The advantages of the split search method are that the number of comparisons is less, the search speed is fast, and the average performance is good. The disadvantage is that the table to be looked up is required to be an ordered table, and it is difficult to insert and delete. Therefore, the half-fold search method is suitable for finding ordered lists that do not change frequently and find them frequently.

Firstly, the keywords recorded in the middle of the table are compared with the lookup keywords, and if the two are equal, the lookup is successful. Otherwise, the intermediate position record is used to divide the table into two subtables, the first and last subtables, if the keyword of the intermediate location record is greater than the search keyword, the previous subtable is further searched, otherwise the next subtable is further searched.
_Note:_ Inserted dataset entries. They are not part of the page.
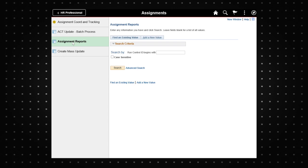If you have previously run a report, remain on the find an existing value tab and type the run control ID and select search.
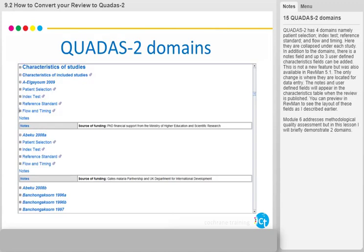QUADAS 2 has four domains: patient selection, index test, reference standard, and flow and timing. Here they are collapsed under each study. In addition to the domains, there is a notes field and up to three user-defined characteristics fields can be added. This was also available in RevMan 5.1 — the only change is where they are located for data entry.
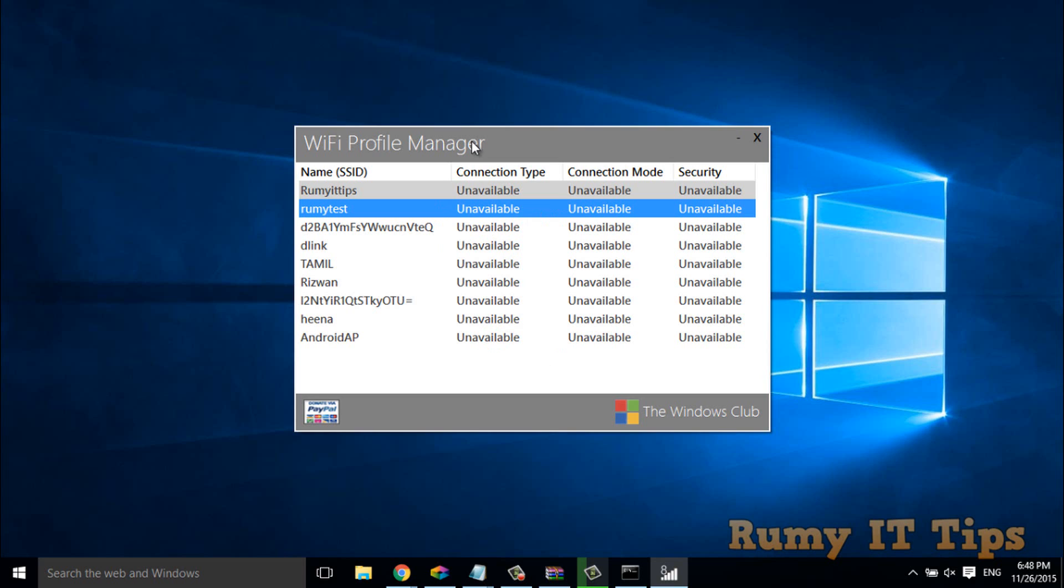And with Wi-Fi Profile Manager you are also able to set your priority. So hope you like my videos, please subscribe. Thanks for watching.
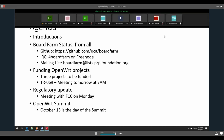Thank you everyone, I appreciate you coming. We will see people next week at this meeting, and also at the TR-069 meeting tomorrow bright and early at 7 a.m. Pacific. Thanks everyone.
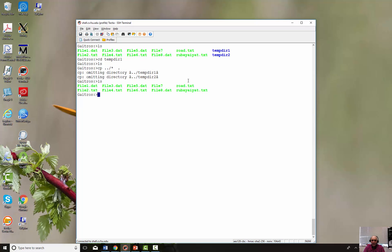You'll notice it says 'omitting directory: attempt directory' because I didn't use the recursive flag. After the copy, 'ls' shows all the files are there. Note: if I had used the '-r' flag it actually would have been a mistake, because it would have included the directory I'm currently copying into and it wouldn't have liked that.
Repeat the above process until a record that satisfies the criteria is found, making the lookup successful, or until the child table does not exist, in which case the lookup is unsuccessful.

Write a paragraph** You see.

intsearchdata(int

des,int

min,int

max) *where min is the minimum subscript coordinate, max is the maximum subscript coordinates, and des is the subscript of the value to be found*

intmid=0;

mid=(min+max)/2;mid takes the subscript of the middle value of the array you are looking for.

while(mindes) if greater than des.

max=mid-1;The maximum subscript is equal to the current submark -1, which means that the search range is narrowed.

elsemin=mid+1;Otherwise, the minimum value of the subscript coordinate +1 narrows the search range.